In the study "Keeping Girls in the Game: Factors that Influence Sport Participation", the Women's Sports Foundation, in cooperation with the Dick's Foundation, investigates social influences on children's sporting activities and reasons for giving up sport.
Based on a US-wide survey of boys and girls between the ages of seven and 17 and their parents, the study concludes that there are still societal barriers for girls in sports in the US.
While 34.5% of the boys have never done any sport, the figure for girls is 43.1%. Only 36.4% of the girls are currently engaged in sports, among the boys the figure was 45.6%.
Gender stereotypes fuel this trend: Almost a third of the parents surveyed (32.2%) believe that "boys are better at sports than girls".
In addition, there is a lack of female role models in sport. 68% of the children who do sports have male coaches. Parents hardly encourage their daughters to emulate sports greats: only 13% of the girls currently doing sports are motivated to do so by their parents.

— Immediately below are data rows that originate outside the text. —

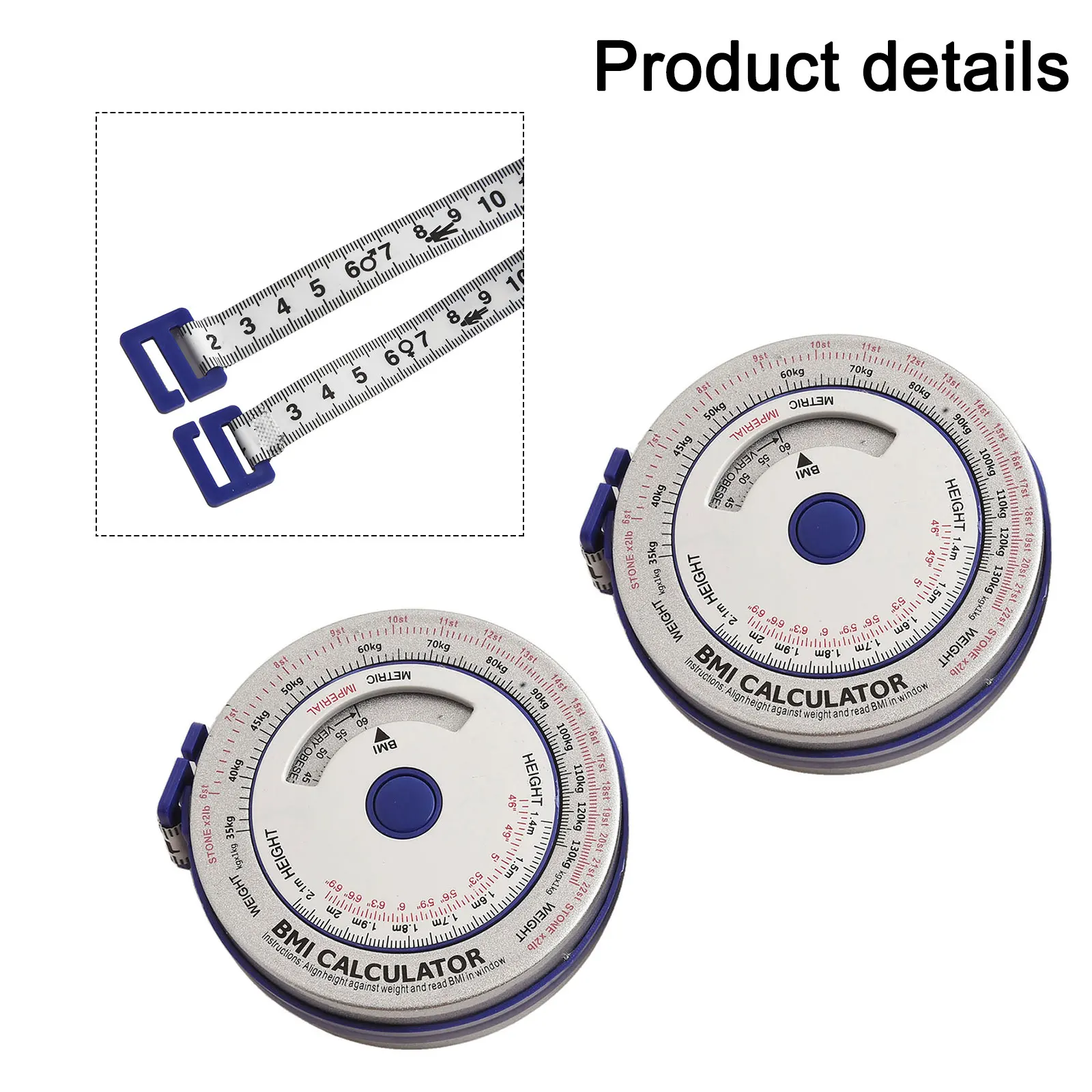 2Pcs 2 Meters Tape Measure BMI Body Mass Index Retractable Tape Calculator Diet Tape Measures For Measure Body Chest Waist Calf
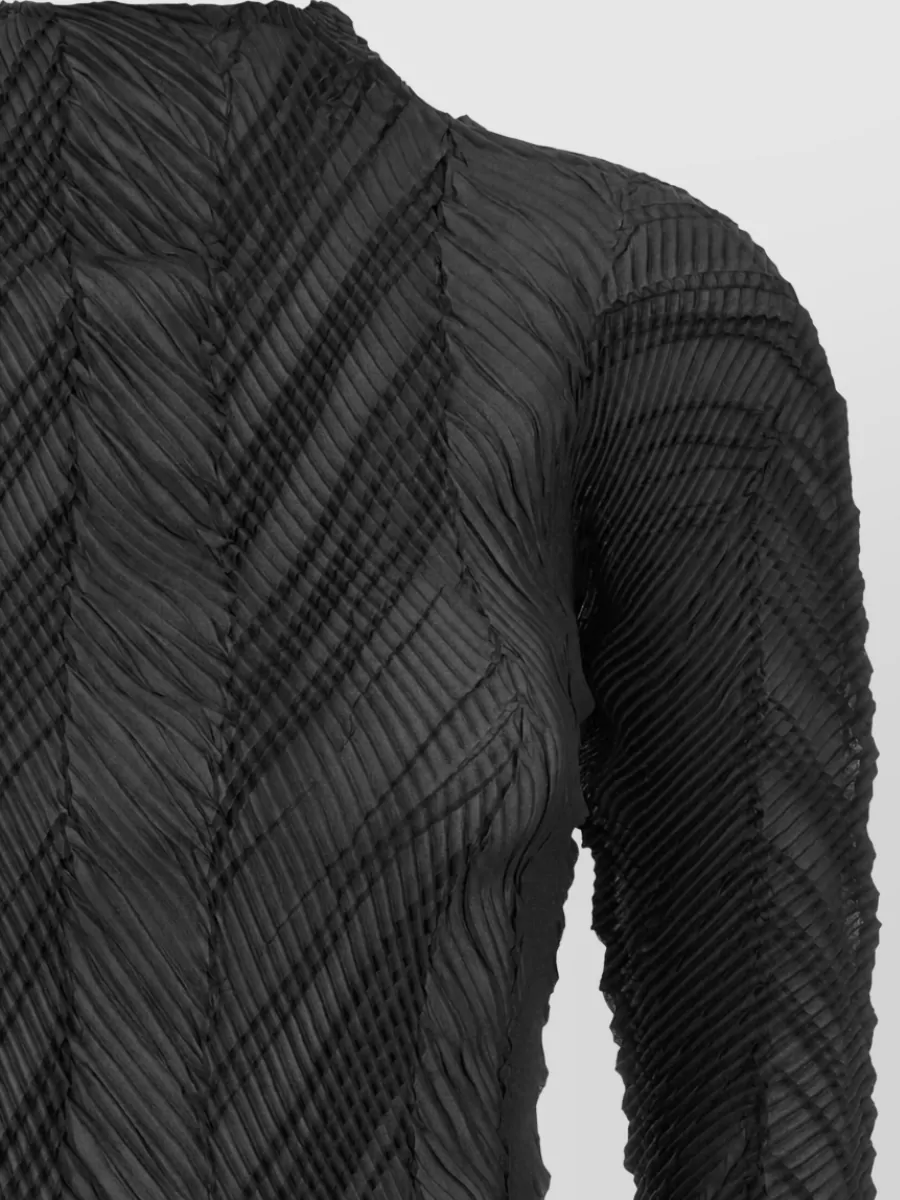 Issey Miyake Pleated High Neck Long Sleeve Top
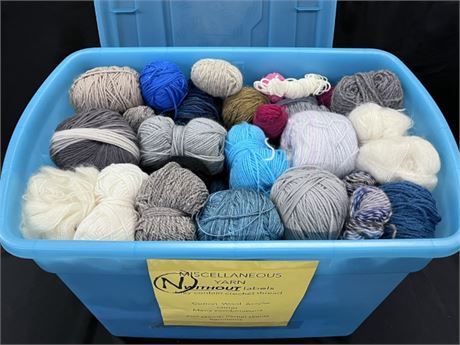 N) Assorted Yarn w/out Labels + Storage Container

Curious: Although sport has a positive influence on academic careers according to several studies, 30% of those surveyed - both children and parents - answered that a greater focus on good school grades is the main reason for quitting sport. Nearly three-quarters (73%) of parents of children who stopped exercising did so because they felt that sport hindered their child's academic career.
The parents' income also plays a role: In low-income households (up to USD 49,999 per year) only 24.6% of the girls currently participate in sports. 57.5% have never taken part in organised sport.
The study suggests a number of measures to encourage girls to be more active in sports: For example, the sports industry must find new ways to promote the whole range of sports. Programmes and youth clubs should specifically encourage girls to participate.
Parents should encourage their daughters' sporting ambitions emotionally and materially. Be it through a positive attitude towards sports, watching and supporting sports events of their daughter or training together. The study also encourages mothers to become more actively involved as trainers in their daughters' teams.
In addition, the positive role of sport on adolescents and their academic careers should be more clearly communicated to children and parents, and funding for programmes for children from lower-income households should be increased.
"Our research partnership with the Women's Sports Foundation has helped us to understand the barriers of girls' participation in sports and has motivated us to continue to support girls' sports programs," said Aimee Watter, Executive Director of the Dick's Foundation.
"Having a clearer understanding of the factors that keep girls on the sidelines is critically important. [...] And everyone benefits when more girls are in the game," said Deborah Antoine, CEO of the Women's Sports Foundation.